Survey Data

Reg No

50100292


Rating

Regional


Categories of Special Interest

Architectural, Artistic


Original Use

House


In Use As

Office


Date

1780 - 1800


Coordinates

316346, 233350


Date Recorded

30/07/2016


Date Updated

--/--/--


Description

Attached two-bay four-storey former house over basement, built c. 1790 as unequal pair with No. 21, with three-bay gabled rear elevation, and front slightly advanced from No. 19. Now in use as offices. Slate roof, hipped to south end of front and to east end of rear, behind rebuilt brick parapet with masonry coping. Shouldered rendered chimneystacks with clay pots to north party wall. Flemish bond red brick walls with iron pattress plates, and painted rendered walls to basement with painted granite plinth course above; rendered to rear. Square-headed window openings, diminishing in height to upper floors, with raised rendered reveals, painted granite sills and timber sliding sash windows with some historic glass, three-over-three pane to top floor and six-over-six pane elsewhere; timber sash to rear. Round-headed door opening with fluted frieze and cornice on plain pilasters, leaded petal fanlight with coved surround, leaded sidelights with oval-and-bar motif, and ten-panel timber door with brass door furniture and figurative knocker. Limestone platform with bull-nosed step to street, and cast-iron railings and decorative corner posts on painted carved granite plinth enclosing shallow basement area. Cast-iron coal-hole covers set in granite flags to footpath. Casey (2005) notes that interior contains some original Dufour wallpaper and neo-Classical plasterwork.

Appraisal

No. 20 forms a pair with No. 21 and is part of a terrace (Nos. 19-22) built by Charles Thorp in the late eighteenth century. Although parapet heights and proportions are largely carried through the group, individuality is present in the design of doorcases, ironwork and interior decorative schemes. Casey (2005) notes that the interior of No. 20 features 'pretty neo-Classical detailing'. The decorative doorcase, complete with petal fanlight, sidelights and twentieth-century brass door furniture provides an architectural focal point in the otherwise restrained façade.

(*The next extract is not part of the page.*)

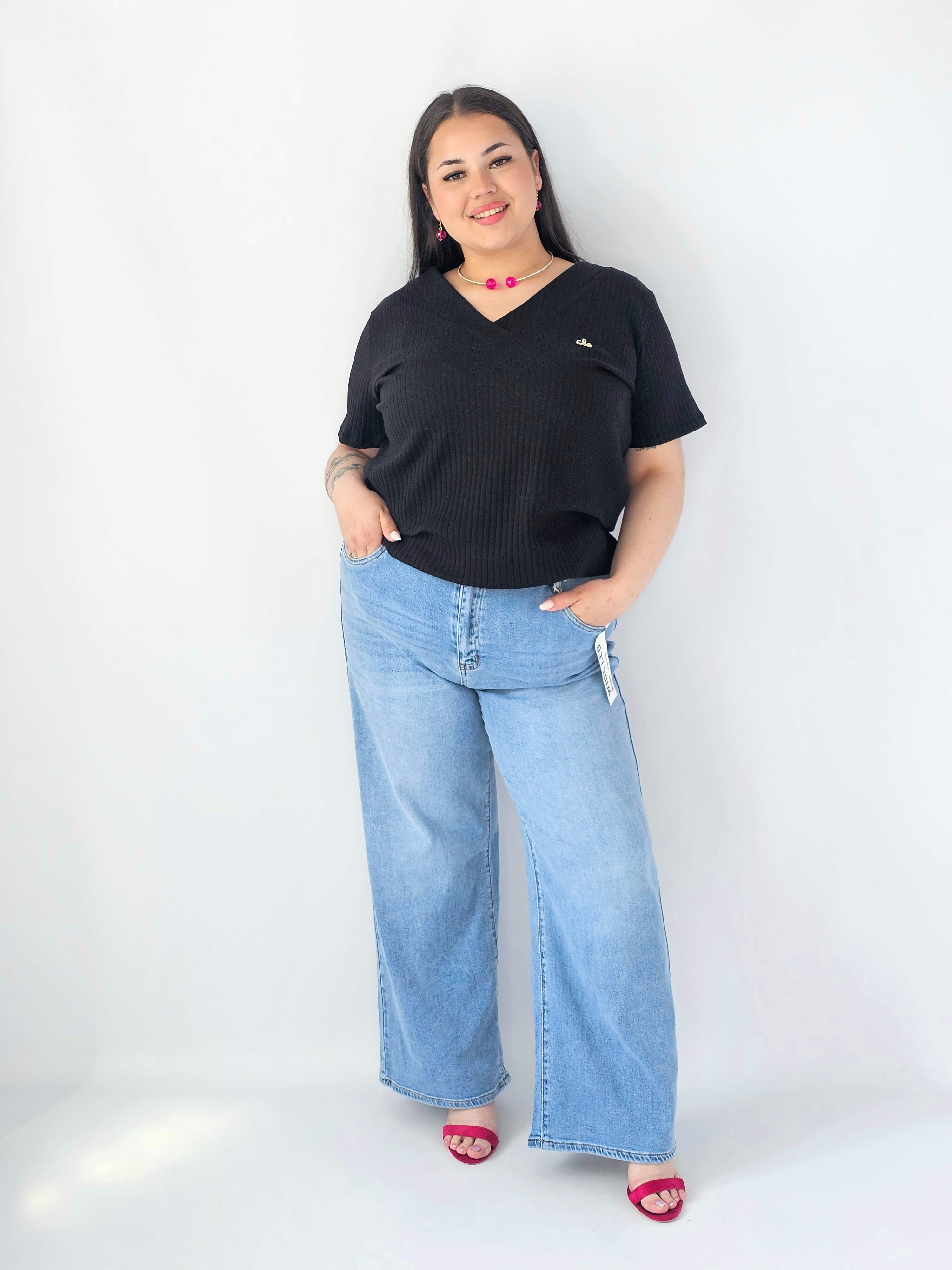 Bluzka Plus Size Prążkowana Z Dekoltem V I Krótkim Rękawem Stylowa XL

No. 20, along with the wider group, contributes strongly to the late eighteenth-century character of Ely Place and enriches the historic architectural fabric of south Dublin. Ely Place was laid out, along with neighbouring Hume Street, on lands leased by Gustavus Hume from the Blue Coat School in 1768. Development began on the east side of the street with the construction of Ely House and the street is now characterized by the late Georgian architecture typical of this part of the city.